Par la suite, l'architecte construisit plusieurs remarquables villas autour de Paris : le Modern Castel à Garches, le Castel Henriette à Sèvres, la Bluette à Hermanville-sur-Mer… Mandaté pour réaliser les entrées des bouches de métro, aujourd'hui renommées par le monde, il fut pourtant critiqué par ses contemporains pour son usage de l'art industriel. Il conçut ensuite plusieurs immeubles, à l'instar de son propre hôtel particulier dans le XVIe arrondissement, avant de s'exiler à New York à l'extinction de l'Art nouveau au profit de l'avénement de l'Art déco dans les années 1930.
L'hôtel Mezzara, joyau caché
Le 23 juin, l'association Le Cercle Guimard, qui réunit ses fervents passionnés, a remporté l'appel d'offre pour la restauration de l'hôtel Mezzara, achevé par Hector Guimard en 1910. Niché parmi les immeubles haussmanniens de la rue Jean-de-la-Fontaine, ce bâtiment de 750 mètres carrés recèle mille et une merveilles de l'architecte : mobilier intact, escalier en ferronnerie, spectaculaire vitrail, fresque de Guimard et de ses amis contemporains, comme Charlotte Chauchet-Guilleré, objets de décoration… Un véritable trésor, jusque là méconnu. Devenu école privée dans les années 1930, puis foyer pour lycéennes des années 1950 à 2015, l'hôtel particulier a été classé l'année suivante grâce au soutien de l'association Le Cercle Guimard.

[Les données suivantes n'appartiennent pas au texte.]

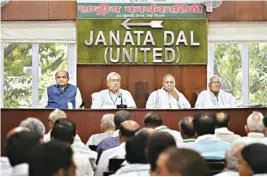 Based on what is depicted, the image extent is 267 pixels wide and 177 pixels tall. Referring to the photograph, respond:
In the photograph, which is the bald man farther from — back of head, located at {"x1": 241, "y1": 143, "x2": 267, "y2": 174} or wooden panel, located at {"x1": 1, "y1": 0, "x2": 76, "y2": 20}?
wooden panel, located at {"x1": 1, "y1": 0, "x2": 76, "y2": 20}

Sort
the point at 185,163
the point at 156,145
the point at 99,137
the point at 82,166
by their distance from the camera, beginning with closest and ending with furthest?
the point at 185,163 < the point at 156,145 < the point at 82,166 < the point at 99,137

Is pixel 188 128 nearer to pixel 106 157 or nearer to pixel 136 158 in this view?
pixel 106 157

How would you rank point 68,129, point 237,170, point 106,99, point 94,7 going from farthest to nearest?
point 94,7 < point 106,99 < point 68,129 < point 237,170

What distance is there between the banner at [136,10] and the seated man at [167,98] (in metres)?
1.27

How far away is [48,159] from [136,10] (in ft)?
22.9

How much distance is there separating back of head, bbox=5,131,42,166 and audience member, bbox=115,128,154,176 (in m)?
0.48

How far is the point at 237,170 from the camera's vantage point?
3027 mm

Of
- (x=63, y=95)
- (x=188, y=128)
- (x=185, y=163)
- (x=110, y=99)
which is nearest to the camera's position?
(x=185, y=163)

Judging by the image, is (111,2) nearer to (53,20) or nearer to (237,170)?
(53,20)

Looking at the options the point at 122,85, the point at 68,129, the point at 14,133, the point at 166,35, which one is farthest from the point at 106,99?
the point at 14,133

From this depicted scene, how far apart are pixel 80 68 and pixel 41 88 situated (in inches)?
31.2

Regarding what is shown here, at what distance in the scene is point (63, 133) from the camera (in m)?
3.93

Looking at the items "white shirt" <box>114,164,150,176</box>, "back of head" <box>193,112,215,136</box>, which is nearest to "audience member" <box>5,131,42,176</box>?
"white shirt" <box>114,164,150,176</box>

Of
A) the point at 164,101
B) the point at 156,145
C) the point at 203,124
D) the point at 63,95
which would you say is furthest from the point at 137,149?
the point at 164,101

Le musée Guimard, premier musée Art nouveau de Paris
Avant l'ouverture du musée, une restauration estimée à 6 millions d'euros est prévue dans les prochains mois, pour une durée d'environ deux ans. Elle sera opérée sous l'égide d'experts de l'Art nouveau, d'artisans d'art et d'architectes spécialistes des monuments historiques. Les intérieurs de l'hôtel Mezzara seront enrichis, en outre, de prêts et dons d'institutions et de collectionneurs ; ainsi que d'une expérience en réalité virtuelle pour plonger pleinement les visiteurs dans l'univers de Guimard, en reconstituant virtuellement une somptueuse salle de concerts conçue par ce dernier dans le quartier. « Installé dans des fauteuils originaux et muni d’un casque à réalité virtuelle, le visiteur pourra rentrer dans la salle spectaculaire et assister à quelques minutes d’un concert de musique d’époque », rapporte Connaissance des Arts, après avoir contacté Nicolas Horiot, président de l’association Le Cercle Guimard. À l'horizon 2028, le musée devrait ouvrir ses portes au public pour un ticket d'entrée compris entre 15 et 20 euros. Une réjouissante nouvelle.